◆ Problem details
Please print exactly the lines from the one containing "this 550×412 image." through the last line of the records, and only those. Leave out any pictures.

◆ Data shown
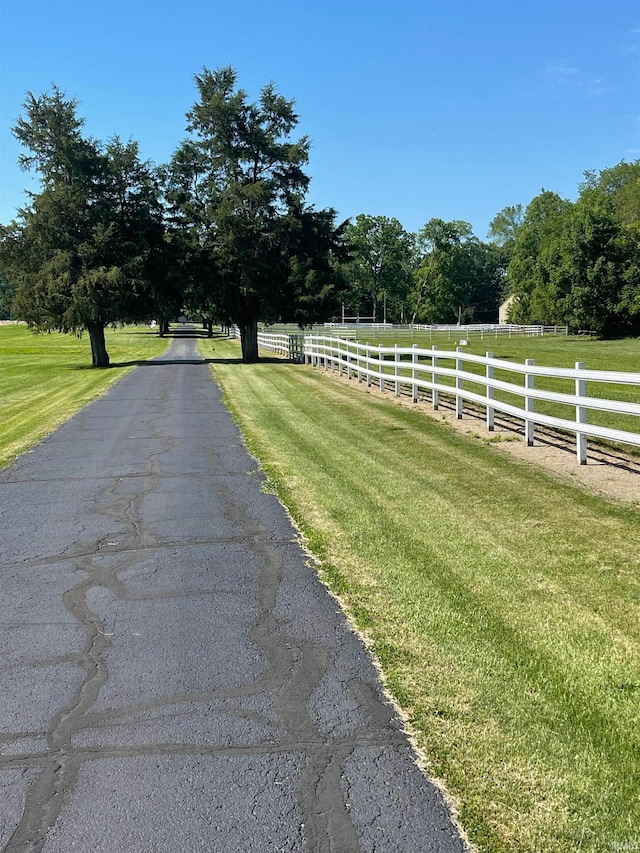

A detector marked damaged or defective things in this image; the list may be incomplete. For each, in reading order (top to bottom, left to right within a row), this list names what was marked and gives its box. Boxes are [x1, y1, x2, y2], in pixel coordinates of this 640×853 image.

cracked asphalt surface [0, 332, 470, 852]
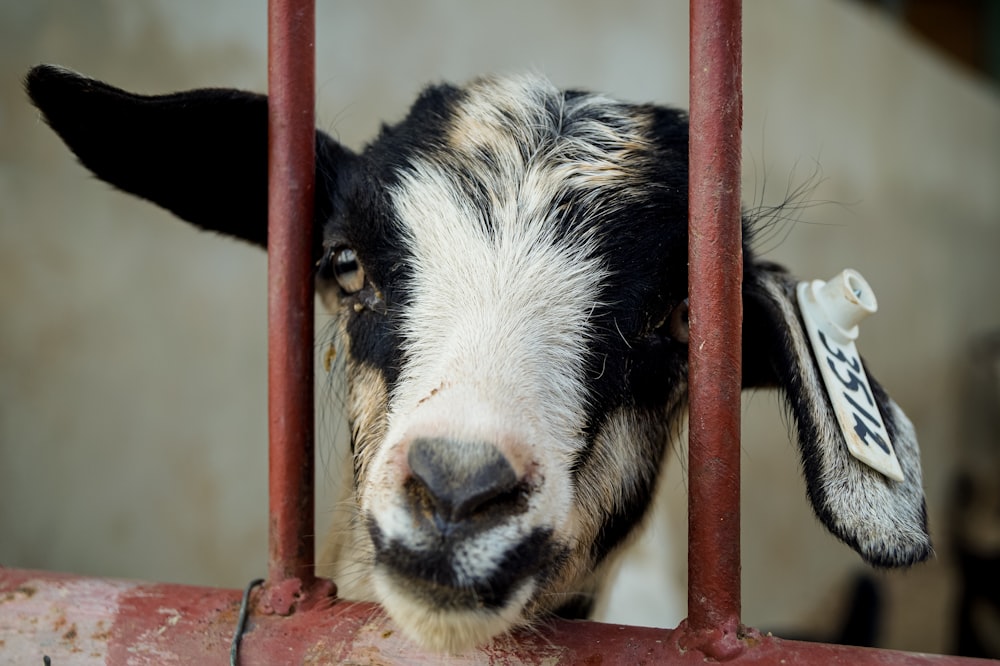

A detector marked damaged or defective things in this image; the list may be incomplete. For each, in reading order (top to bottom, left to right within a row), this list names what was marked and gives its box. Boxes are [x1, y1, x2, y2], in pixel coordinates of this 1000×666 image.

rusty paint [264, 0, 318, 596]
rusty paint [688, 0, 744, 652]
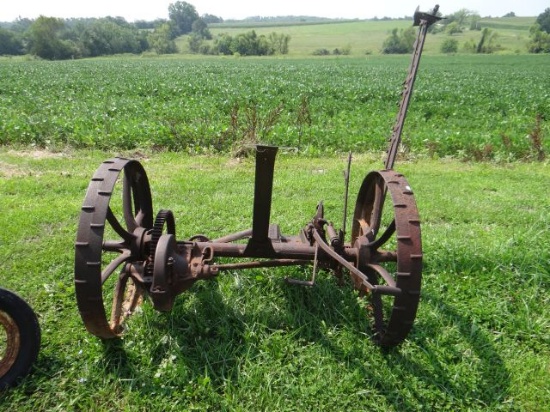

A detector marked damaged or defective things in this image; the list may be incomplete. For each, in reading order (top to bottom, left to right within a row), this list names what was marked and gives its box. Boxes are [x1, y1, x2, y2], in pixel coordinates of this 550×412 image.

rusty iron wheel [0, 288, 40, 388]
rusty iron wheel [74, 158, 153, 338]
rusty iron wheel [352, 169, 424, 346]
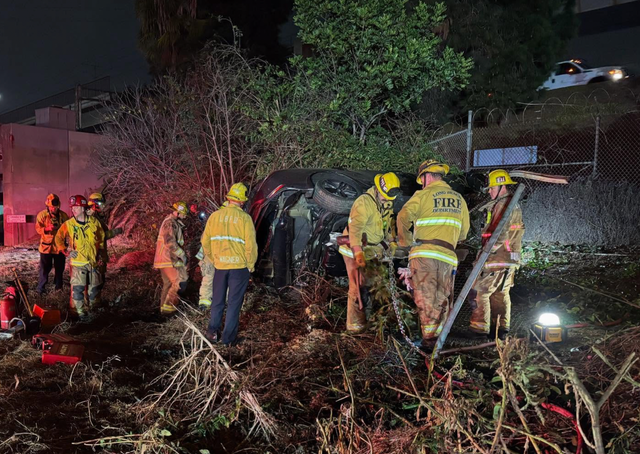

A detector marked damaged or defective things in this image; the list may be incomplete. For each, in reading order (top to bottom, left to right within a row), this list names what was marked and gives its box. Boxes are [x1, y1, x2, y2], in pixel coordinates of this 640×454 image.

◆ Worked solution
A detector marked damaged or defective things in this image; the list may be incomplete. For each, in reading order (top to bottom, left to right within a row), this list names what was marked and gives its box. Boxes are [x1, y1, x2, y2], in pixel coordinates of this 550×412 image.

rusty iron wheel [0, 288, 40, 388]
rusty iron wheel [74, 158, 153, 338]
rusty iron wheel [352, 169, 424, 346]

A detector marked damaged or defective things in this image; the list may be incomplete. For each, in reading order (top to bottom, left to right within a row), this list names what was marked and gives its box. Boxes are [x1, y1, x2, y2], in pixel coordinates of this 640×454 image.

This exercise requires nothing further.